Try it -> Please count the lines in the records below that include the word "Nazionale" and report only the total.

Items from a dataset

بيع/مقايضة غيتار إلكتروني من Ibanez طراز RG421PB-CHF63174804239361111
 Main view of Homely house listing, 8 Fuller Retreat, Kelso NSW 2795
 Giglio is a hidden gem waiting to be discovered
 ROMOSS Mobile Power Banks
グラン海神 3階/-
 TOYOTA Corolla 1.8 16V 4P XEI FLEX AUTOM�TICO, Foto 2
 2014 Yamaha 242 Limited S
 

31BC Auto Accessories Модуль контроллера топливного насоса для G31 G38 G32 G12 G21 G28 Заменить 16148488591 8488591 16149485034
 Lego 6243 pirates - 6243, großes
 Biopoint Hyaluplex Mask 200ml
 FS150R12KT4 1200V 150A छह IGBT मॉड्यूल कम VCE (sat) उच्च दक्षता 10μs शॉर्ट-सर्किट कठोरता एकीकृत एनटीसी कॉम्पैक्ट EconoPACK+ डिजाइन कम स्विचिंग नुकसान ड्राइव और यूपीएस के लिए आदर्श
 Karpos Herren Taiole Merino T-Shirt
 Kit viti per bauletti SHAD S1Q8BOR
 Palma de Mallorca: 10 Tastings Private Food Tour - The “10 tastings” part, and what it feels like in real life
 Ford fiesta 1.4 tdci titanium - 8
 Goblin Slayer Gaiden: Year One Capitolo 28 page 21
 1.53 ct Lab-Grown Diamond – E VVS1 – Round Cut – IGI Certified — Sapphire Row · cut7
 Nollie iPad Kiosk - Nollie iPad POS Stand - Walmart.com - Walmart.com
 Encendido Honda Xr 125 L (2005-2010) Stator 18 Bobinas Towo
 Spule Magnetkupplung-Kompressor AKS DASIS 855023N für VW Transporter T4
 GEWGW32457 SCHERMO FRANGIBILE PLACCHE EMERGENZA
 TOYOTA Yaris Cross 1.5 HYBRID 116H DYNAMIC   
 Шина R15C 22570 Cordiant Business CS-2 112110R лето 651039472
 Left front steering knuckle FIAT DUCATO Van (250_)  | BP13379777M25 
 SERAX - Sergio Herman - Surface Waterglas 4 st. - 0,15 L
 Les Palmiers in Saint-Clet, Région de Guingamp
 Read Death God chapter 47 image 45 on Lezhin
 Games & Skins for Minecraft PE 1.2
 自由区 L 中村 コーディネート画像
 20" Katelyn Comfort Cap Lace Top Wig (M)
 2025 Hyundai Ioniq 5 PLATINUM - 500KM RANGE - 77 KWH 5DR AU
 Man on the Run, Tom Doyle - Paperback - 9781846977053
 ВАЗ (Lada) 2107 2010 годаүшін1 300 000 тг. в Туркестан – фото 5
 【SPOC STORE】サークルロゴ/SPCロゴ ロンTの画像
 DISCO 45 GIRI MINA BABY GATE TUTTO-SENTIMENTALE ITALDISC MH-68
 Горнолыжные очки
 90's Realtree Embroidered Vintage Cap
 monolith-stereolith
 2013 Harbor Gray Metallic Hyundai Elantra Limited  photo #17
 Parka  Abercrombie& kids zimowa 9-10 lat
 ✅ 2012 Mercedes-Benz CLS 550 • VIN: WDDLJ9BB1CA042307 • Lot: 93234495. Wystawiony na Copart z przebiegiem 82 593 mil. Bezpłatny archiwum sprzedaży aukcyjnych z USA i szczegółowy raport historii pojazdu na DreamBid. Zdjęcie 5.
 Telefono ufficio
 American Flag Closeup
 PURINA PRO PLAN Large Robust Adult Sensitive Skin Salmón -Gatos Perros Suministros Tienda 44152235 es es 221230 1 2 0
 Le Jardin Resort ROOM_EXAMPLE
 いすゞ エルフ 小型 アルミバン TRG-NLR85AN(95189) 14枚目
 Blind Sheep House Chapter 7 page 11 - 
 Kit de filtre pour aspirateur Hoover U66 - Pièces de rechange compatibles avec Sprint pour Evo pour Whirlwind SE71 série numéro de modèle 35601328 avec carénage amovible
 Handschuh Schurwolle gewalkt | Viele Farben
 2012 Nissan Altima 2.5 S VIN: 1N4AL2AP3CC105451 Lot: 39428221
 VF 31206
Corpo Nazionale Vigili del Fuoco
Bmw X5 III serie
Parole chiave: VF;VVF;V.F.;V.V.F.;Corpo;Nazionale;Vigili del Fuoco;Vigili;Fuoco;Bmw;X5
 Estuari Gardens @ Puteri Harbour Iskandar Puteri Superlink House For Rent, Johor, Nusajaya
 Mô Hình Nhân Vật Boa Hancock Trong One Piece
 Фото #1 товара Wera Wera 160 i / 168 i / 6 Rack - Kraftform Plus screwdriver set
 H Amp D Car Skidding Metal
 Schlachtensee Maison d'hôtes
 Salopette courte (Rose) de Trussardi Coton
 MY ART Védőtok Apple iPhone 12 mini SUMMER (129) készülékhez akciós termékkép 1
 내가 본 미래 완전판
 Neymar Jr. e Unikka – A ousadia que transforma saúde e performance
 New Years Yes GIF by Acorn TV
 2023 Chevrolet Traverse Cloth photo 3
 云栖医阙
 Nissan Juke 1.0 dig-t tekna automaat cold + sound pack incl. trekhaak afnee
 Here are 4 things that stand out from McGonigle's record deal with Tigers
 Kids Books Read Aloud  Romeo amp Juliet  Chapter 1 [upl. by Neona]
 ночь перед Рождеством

Finished task -> 2